Several types of missiles are controlled through a fiber extending from the missile to its launch point. The fiber is initially wound into a pack within the missile or a canister at the launch point, and is rapidly dispensed after the missile is launched and flies toward its target. The "fiber" used in many such control systems is an electrically conducting wire such as a thin copper wire. More recently, the "fiber" has been an optical fiber that has a higher data transmission capability than does the metallic wire. The fiber is typically on the order of 0.010 inches in diameter for optical fibers and 0.005 inches in diameter for electrically conducting wires
An important element of control system is the fiber dispenser, which must receive a long length of the fiber thereon for storage. The fiber dispenser must further facilitate the payout of the fiber in an orderly manner such that the fiber does not break or sustain significant damage during dispensing. Damage to the fiber leads to a loss of communication between the launch point and the missile, and either renders the missile useless or may lead to automatic self-destruction of the missile. The fiber dispenser must achieve a smooth, damage-free payout of lengths of fiber than may range from a few kilometers for hand-fired missiles to well over a hundred kilometers for some types of ground-to-ground or air-to-ground missiles. The missile velocity may be as low as tens of kilometers per hour for torpedoes to a thousand kilometers per hour for missiles that fly through the air.
In one approach to fiber storage and payout, the fiber is wound as a series of constant-radius turns along the length of a cylindrical mandrel to form a layer, with each succeeding layer resting on the previously wound layer. During payout, each layer is successively dispensed. In this technique, the capacity of the dispenser is enlarged by increasing the number of layers. In another approach, a coil pack is built up by winding an outwardly spiralling coil onto a flange, winding a second outwardly spiralling coil axially adjacent to the first coil, and so on. During payout, each coil is successively dispensed. The capacity of the dispenser is enlarged by increasing the axial length of the coil pack by adding more coils to the end of the coil pack. Each of these geometries has its advantages for specific applications. The present invention is concerned with the second approach, wherein the coil pack is fabricated as a series of outwardly spiralling coils that are joined to each other axially.
The winding of a single outwardly spiralling coil requires careful control of the winding apparatus, and the fabrication of a coil pack with a succession of such coils presents difficult challenges both in winding the individual coils and also in positioning the coils in an efficient array.
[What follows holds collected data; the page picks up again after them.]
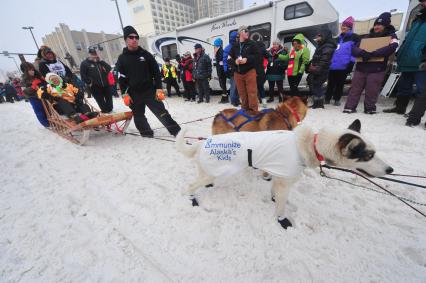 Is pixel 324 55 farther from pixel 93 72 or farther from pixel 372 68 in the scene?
pixel 93 72

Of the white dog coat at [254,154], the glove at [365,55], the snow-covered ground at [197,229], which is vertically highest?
the glove at [365,55]

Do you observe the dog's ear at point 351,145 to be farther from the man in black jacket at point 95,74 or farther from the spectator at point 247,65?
the man in black jacket at point 95,74

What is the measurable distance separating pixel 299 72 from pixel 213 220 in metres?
5.69

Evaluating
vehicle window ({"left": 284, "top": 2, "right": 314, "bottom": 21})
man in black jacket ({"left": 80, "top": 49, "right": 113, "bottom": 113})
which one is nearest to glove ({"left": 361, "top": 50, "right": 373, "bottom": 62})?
vehicle window ({"left": 284, "top": 2, "right": 314, "bottom": 21})

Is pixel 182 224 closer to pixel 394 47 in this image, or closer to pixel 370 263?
pixel 370 263

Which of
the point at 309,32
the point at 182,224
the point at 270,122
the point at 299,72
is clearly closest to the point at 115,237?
the point at 182,224

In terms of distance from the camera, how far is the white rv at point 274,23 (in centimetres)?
609

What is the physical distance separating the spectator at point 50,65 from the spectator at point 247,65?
504cm

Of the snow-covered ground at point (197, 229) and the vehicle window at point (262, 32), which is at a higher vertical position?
the vehicle window at point (262, 32)

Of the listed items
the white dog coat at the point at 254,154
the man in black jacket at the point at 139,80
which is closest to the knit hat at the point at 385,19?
the white dog coat at the point at 254,154

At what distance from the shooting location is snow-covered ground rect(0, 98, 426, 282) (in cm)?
176

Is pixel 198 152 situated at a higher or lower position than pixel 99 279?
higher

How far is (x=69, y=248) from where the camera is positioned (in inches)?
79.4

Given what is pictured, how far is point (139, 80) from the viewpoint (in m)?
4.14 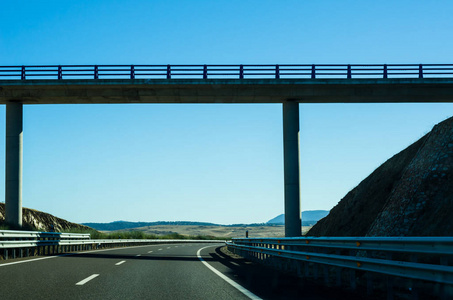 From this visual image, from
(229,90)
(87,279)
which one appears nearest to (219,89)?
(229,90)

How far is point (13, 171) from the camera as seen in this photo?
3011 centimetres

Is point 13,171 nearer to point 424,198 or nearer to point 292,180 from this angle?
point 292,180

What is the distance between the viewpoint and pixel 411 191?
1672 cm

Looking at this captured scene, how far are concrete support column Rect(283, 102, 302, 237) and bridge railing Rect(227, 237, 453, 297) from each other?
1408 centimetres

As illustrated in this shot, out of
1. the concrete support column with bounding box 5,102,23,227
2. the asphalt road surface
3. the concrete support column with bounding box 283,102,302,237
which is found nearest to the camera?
the asphalt road surface

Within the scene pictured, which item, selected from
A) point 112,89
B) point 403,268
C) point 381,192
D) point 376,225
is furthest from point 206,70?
point 403,268

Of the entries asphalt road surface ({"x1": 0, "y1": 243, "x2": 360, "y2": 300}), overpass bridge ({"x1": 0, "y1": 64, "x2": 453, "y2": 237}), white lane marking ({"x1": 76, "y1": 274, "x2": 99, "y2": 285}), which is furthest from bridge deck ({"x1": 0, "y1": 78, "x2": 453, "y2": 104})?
white lane marking ({"x1": 76, "y1": 274, "x2": 99, "y2": 285})

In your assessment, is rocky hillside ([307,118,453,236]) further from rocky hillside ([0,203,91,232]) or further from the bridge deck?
rocky hillside ([0,203,91,232])

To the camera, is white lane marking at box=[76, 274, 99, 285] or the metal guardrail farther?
the metal guardrail

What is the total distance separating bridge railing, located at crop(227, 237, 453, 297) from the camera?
251 inches

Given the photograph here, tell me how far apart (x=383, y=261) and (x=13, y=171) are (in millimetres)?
27153

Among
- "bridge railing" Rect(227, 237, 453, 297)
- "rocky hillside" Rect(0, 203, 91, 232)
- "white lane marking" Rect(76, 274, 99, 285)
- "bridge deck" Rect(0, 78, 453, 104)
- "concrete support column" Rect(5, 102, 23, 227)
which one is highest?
"bridge deck" Rect(0, 78, 453, 104)

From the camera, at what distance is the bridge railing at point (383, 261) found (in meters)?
6.38

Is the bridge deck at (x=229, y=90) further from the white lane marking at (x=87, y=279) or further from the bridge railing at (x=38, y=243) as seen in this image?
the white lane marking at (x=87, y=279)
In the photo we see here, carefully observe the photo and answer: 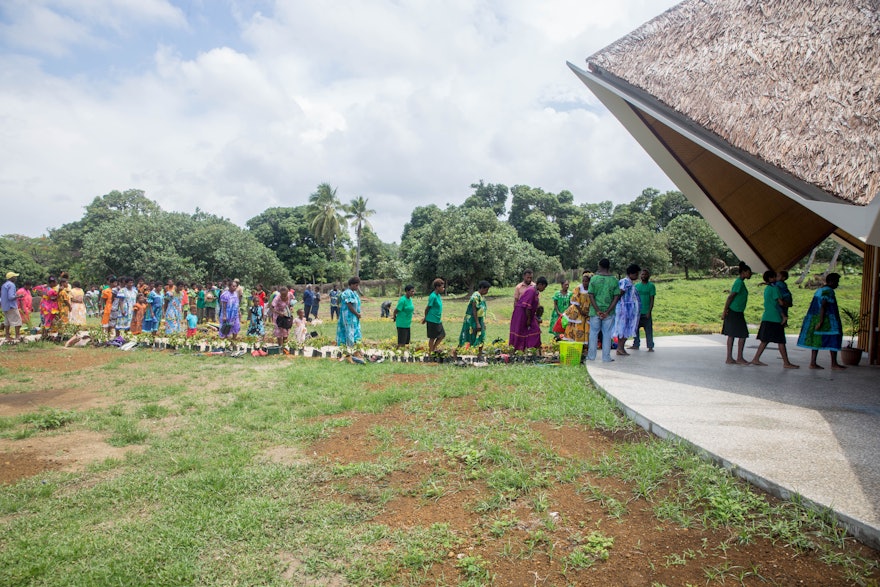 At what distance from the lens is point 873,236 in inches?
208

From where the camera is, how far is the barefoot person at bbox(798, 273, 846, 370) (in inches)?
312

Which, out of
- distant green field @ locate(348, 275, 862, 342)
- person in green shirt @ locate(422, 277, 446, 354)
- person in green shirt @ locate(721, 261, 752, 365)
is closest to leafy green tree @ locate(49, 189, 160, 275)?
distant green field @ locate(348, 275, 862, 342)

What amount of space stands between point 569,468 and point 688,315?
2078cm

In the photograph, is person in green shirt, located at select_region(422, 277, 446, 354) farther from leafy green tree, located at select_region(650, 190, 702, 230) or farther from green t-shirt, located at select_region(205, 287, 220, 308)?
leafy green tree, located at select_region(650, 190, 702, 230)

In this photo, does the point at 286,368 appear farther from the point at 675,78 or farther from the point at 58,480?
the point at 675,78

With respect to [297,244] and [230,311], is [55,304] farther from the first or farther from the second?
[297,244]

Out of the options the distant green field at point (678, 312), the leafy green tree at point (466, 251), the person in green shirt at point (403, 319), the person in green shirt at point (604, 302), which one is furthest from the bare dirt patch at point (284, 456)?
the leafy green tree at point (466, 251)

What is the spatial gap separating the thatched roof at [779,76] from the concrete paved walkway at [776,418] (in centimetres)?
247

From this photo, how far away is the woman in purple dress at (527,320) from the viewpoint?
32.6 feet

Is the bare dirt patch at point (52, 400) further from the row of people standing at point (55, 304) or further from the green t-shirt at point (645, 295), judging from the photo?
the green t-shirt at point (645, 295)

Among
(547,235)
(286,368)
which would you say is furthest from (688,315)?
(547,235)

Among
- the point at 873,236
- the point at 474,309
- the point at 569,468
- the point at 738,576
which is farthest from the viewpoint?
the point at 474,309

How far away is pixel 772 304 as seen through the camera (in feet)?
27.3

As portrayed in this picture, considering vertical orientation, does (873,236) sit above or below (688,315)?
above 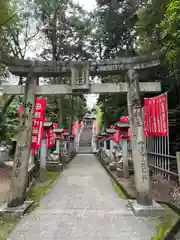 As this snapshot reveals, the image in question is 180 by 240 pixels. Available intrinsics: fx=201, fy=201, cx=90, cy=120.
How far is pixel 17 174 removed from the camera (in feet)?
16.3

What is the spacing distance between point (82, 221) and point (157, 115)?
11.9ft

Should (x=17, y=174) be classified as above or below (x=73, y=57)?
below

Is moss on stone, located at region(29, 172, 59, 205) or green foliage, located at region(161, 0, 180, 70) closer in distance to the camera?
green foliage, located at region(161, 0, 180, 70)

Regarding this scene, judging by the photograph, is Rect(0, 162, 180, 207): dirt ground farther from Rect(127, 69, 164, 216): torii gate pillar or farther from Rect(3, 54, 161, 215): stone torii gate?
Rect(3, 54, 161, 215): stone torii gate

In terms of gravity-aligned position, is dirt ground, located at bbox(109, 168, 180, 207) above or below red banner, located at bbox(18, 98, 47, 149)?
below

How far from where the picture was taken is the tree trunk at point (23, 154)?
16.0 ft

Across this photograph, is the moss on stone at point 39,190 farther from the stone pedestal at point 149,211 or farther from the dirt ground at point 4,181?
the stone pedestal at point 149,211

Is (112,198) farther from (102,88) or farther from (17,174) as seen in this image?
(102,88)

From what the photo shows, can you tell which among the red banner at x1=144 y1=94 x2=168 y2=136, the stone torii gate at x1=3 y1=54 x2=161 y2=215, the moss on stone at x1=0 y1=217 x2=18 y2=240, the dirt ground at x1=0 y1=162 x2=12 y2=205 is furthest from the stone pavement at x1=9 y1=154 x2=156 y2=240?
the red banner at x1=144 y1=94 x2=168 y2=136

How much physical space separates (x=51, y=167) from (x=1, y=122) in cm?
396

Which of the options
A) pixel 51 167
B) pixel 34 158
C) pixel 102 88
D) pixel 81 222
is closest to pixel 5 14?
pixel 102 88

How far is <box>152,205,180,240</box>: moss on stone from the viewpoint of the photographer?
349 cm

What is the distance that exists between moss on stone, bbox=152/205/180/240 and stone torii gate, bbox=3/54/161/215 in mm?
587

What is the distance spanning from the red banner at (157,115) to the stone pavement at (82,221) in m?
2.35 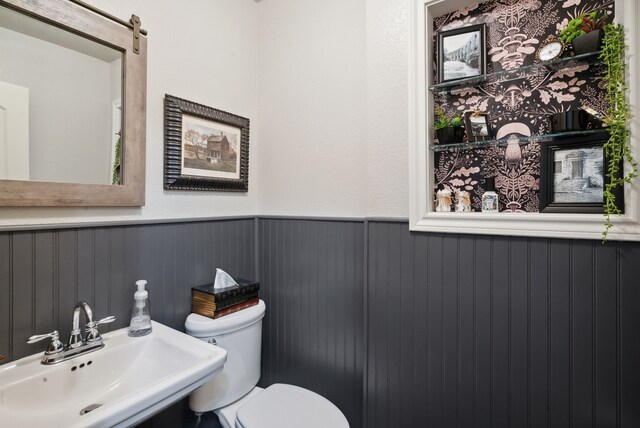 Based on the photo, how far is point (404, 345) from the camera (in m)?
1.29

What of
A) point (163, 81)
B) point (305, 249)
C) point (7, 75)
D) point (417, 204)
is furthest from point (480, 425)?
point (7, 75)

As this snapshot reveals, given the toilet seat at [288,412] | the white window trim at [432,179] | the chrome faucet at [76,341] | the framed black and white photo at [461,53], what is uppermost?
the framed black and white photo at [461,53]

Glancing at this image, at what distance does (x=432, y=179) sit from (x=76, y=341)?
146 centimetres

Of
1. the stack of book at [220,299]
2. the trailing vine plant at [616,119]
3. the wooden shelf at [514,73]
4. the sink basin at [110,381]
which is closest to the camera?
the sink basin at [110,381]

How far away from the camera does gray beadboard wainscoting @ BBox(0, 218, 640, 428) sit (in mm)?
968

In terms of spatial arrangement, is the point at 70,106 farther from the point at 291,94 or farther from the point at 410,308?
the point at 410,308

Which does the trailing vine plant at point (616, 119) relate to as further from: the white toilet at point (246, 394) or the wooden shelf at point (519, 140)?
the white toilet at point (246, 394)

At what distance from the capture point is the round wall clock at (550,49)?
107 cm

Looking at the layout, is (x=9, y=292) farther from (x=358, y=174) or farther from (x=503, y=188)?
(x=503, y=188)

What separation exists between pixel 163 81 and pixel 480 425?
1931 millimetres

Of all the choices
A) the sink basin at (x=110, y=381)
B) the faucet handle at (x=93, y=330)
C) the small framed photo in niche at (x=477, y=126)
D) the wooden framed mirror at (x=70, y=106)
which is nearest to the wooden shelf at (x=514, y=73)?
the small framed photo in niche at (x=477, y=126)

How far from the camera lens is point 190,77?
149cm

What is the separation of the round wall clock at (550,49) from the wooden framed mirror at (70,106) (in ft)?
5.12

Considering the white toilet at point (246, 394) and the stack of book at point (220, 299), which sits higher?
the stack of book at point (220, 299)
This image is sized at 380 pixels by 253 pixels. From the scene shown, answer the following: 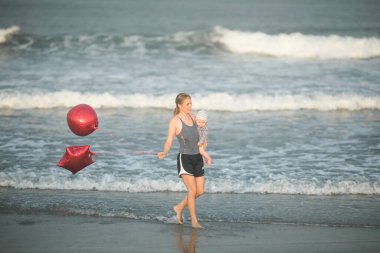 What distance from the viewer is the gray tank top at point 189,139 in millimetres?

The earliest coil pack fabrication apparatus operated to wind a first spiral coil. Then a second spiral coil was wound using a series of tapered rollers in a guided, but somewhat free-form, manner axially contacting the first spiral coil, and the process was repeated. This approach is slow and is potentially inaccurate, and has a relatively high likelihood of introducing winding defects into the coil pack that can lead to fiber damage during payout. Improvements have been made, but the winding of a coil pack remains a difficult and time consuming process.
Accordingly, there is a need for an improved approach to the fabrication of coil packs. The present invention fulfills this need, and further provides related advantages.